■ **Your task**:
Locate the line bearing "Buy Import Toyota" in the material below, then reproduce it and each following line up to and including the line bearing "LAMPA ścienna ZAFIRA".

■ **Exercise data**:
# # # #

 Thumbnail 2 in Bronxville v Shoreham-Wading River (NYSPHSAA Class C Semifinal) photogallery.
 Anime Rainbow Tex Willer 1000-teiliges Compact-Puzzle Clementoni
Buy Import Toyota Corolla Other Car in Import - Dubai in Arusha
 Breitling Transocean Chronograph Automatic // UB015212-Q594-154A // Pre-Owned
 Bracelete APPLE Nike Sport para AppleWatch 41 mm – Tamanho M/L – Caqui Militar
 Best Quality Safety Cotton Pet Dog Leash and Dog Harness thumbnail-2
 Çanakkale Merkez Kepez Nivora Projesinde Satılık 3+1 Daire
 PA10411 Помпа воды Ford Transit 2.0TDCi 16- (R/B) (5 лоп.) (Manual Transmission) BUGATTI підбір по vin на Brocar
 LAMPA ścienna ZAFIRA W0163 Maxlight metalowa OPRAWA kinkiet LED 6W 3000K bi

# # # #

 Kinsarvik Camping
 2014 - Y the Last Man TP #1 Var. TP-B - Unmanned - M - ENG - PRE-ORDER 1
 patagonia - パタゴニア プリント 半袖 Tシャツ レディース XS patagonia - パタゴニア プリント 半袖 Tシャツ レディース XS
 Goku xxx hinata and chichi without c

# # # #

■ **Written answer**:
Buy Import Toyota Corolla Other Car in Import - Dubai in Arusha
 Breitling Transocean Chronograph Automatic // UB015212-Q594-154A // Pre-Owned
 Bracelete APPLE Nike Sport para AppleWatch 41 mm – Tamanho M/L – Caqui Militar
 Best Quality Safety Cotton Pet Dog Leash and Dog Harness thumbnail-2
 Çanakkale Merkez Kepez Nivora Projesinde Satılık 3+1 Daire
 PA10411 Помпа воды Ford Transit 2.0TDCi 16- (R/B) (5 лоп.) (Manual Transmission) BUGATTI підбір по vin на Brocar
 LAMPA ścienna ZAFIRA W0163 Maxlight metalowa OPRAWA kinkiet LED 6W 3000K bi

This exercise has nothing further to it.